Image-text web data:
========================

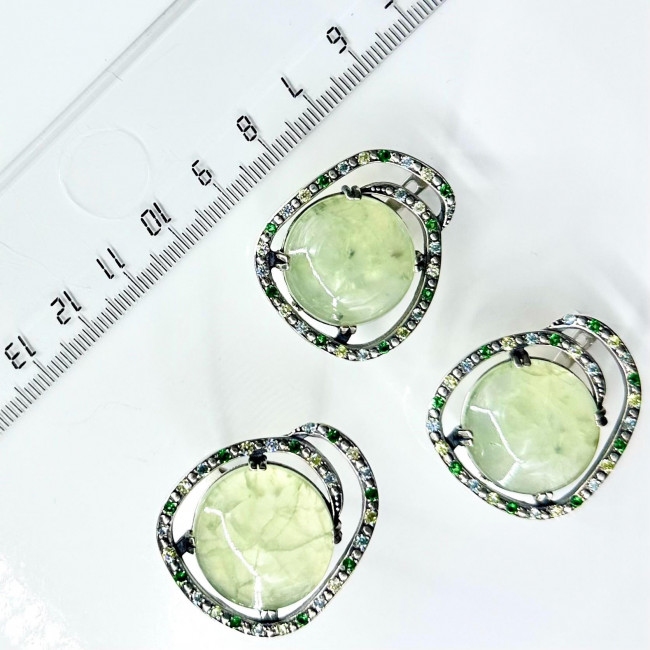 Серьги с2554 (22.19 г), серебро, лимонный, кварц (имит), пренит, фианит купить в интернет-магазине Циркон С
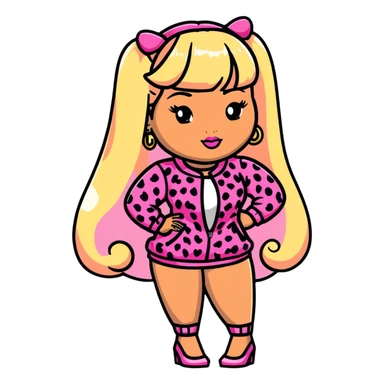 Nicki Minaj wearing pink and white leopard print outfit with half blonde half pink hairstyle with bangs sticker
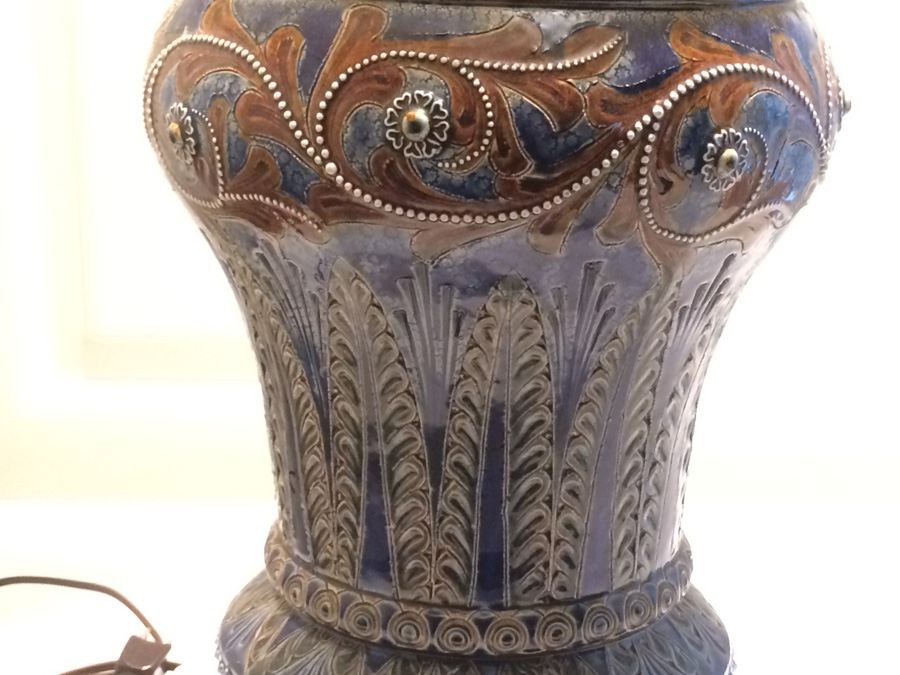Stunning Blue DOULTON LAMBETH Stoneware Jug/Vessel Converted to Lamp [Photo 17]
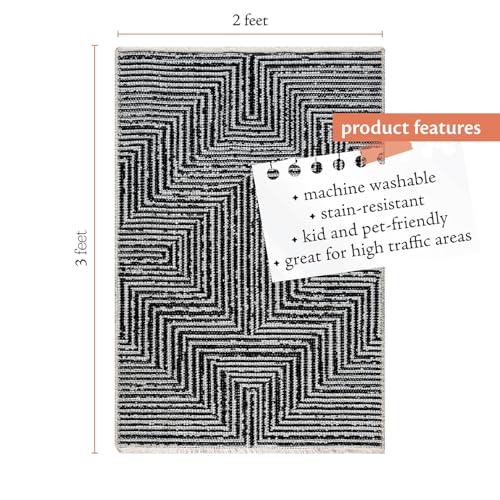 Tapete decorativo Indigo Ink 2x3 negro blanco geométrico miniatura 2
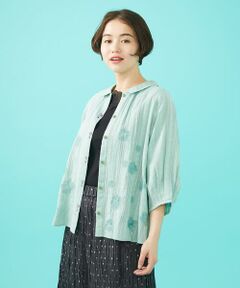 Jocomomola / ホコモモラ シャツ・ブラウス | フラワードビー フラットカラー半端袖ブラウス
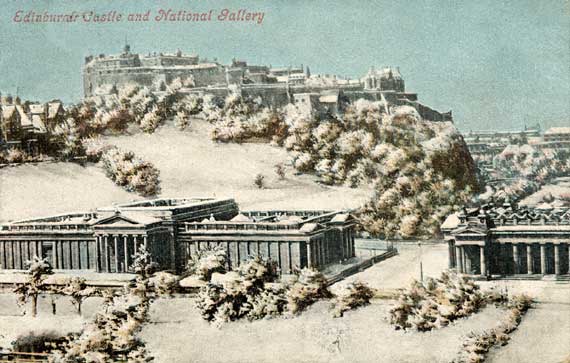 Postcard by Valentine & Co  -  Edinburgh Castle and the National Galleries in winter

========================

Repeat, word for word, each of the records, omitting any image they hold.

 Серьги с2554 (22.19 г), серебро, лимонный, кварц (имит), пренит, фианит купить в интернет-магазине Циркон С
 Nicki Minaj wearing pink and white leopard print outfit with half blonde half pink hairstyle with bangs sticker
Stunning Blue DOULTON LAMBETH Stoneware Jug/Vessel Converted to Lamp [Photo 17]
 Tapete decorativo Indigo Ink 2x3 negro blanco geométrico miniatura 2
 Jocomomola / ホコモモラ シャツ・ブラウス | フラワードビー フラットカラー半端袖ブラウス
 Postcard by Valentine & Co  -  Edinburgh Castle and the National Galleries in winter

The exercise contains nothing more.